To assist in medical technology servicing, there are multiple service provider options to choose from, along with a wide mix of service providers, such as original equipment manufacturer (OEM) service contracts (i.e., vendor service), independent/third-party maintenance organizations, and in-house services. Considerations for hospitals in choosing from among the options include hospital demographics, such as the flexibility of the budget, patient volume, the availably of backup systems, and the capabilities of the in-house staff.

Service provider options: Pros and cons
OEM service contracts: Relative to the location of the provider, an OEM vendor service contract should be able to provide the least amount of downtime for a system. This is due to the vendor’s access to diagnostic software and parts, and the training level of its technicians. The primary drawback to this option is the cost. Consider that vendors can realize 50% or more of their profits from their service contracts. Thus, they use services as a source of recurring revenue. As a result, for healthcare organizations, it’s essential to negotiate the cost and level of service at the time of purchase.

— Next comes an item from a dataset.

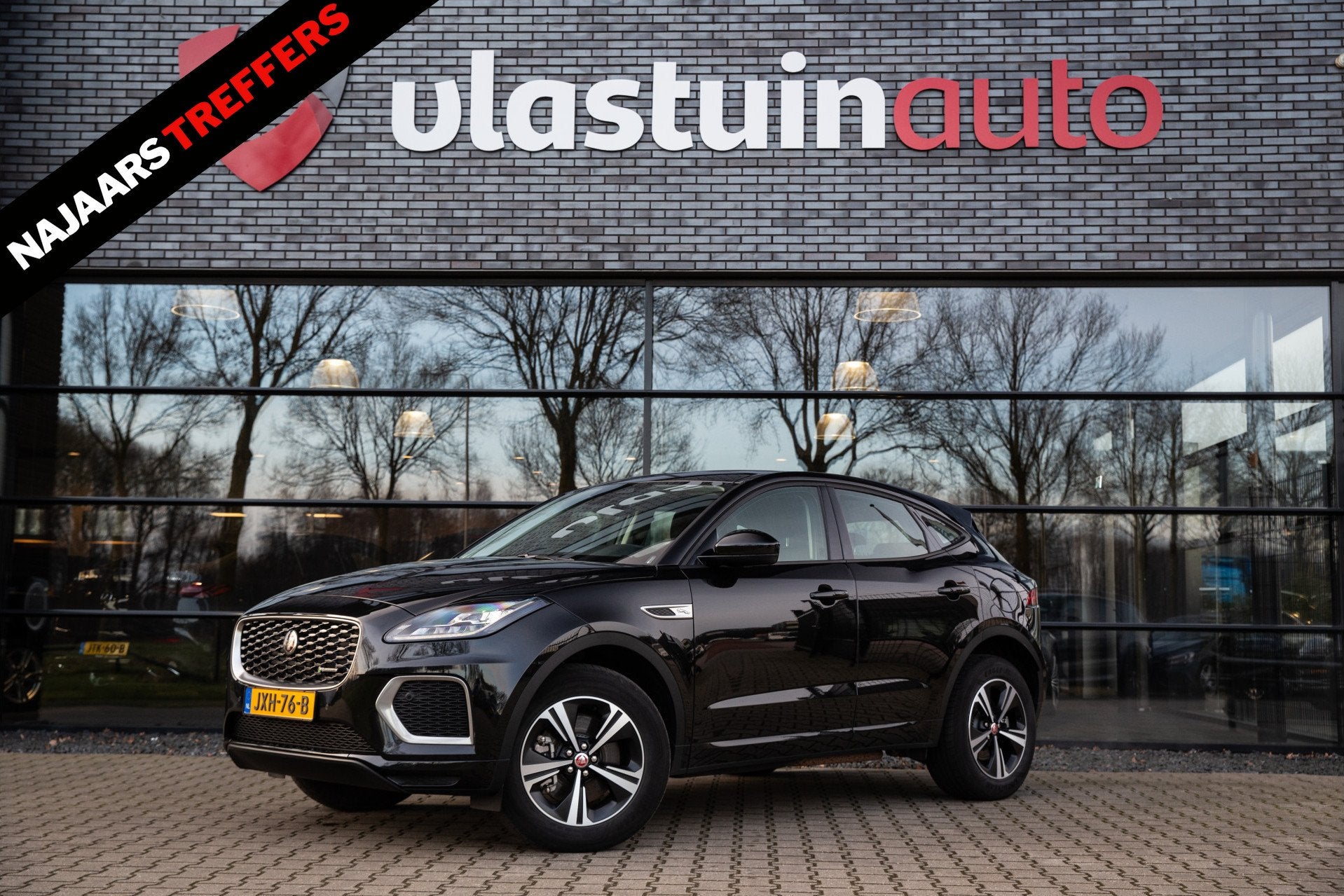 Jaguar E-Pace 1.5 P300e AWD R-Dynamic SE , Panoramadak, Leer, Auto's, 309 pk, Zwart, Leder, Bedrijf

Before committing to a contract, hospitals should fully understand which party is responsible for key activities, such as networking and cybersecurity

Negotiating vendor contracts for equipment a hospital or health system already owns is always challenging, as ownership will somewhat limit negotiation leverage. To overcome this, hospitals should keep competition alive by getting competitive service bids from a third-party provider. Unfortunately, third-party options may be limited for leading-edge technologies that are new to the market.

Another way to create leverage in vendor service contract negotiations is to discuss the potential of future business. Medical technology is progressing in leaps and bounds, often quickly creating technological obsolescence. As a result, the life expectancy of medical capital equipment is much shorter than it was even ten to 15 years ago, and equipment is being replaced more frequently. If the vendor knows they are risking the potential for future business by being inflexible during service negotiations, they may be more willing to negotiate on service contracts for existing equipment.

Pros: Usually associated with limited downtime, and parts and software are readily available.
Cons: The cost is typically higher, networking and cybersecurity responsibilities must be confirmed, and uptime guarantees and equipment coverages must be in writing.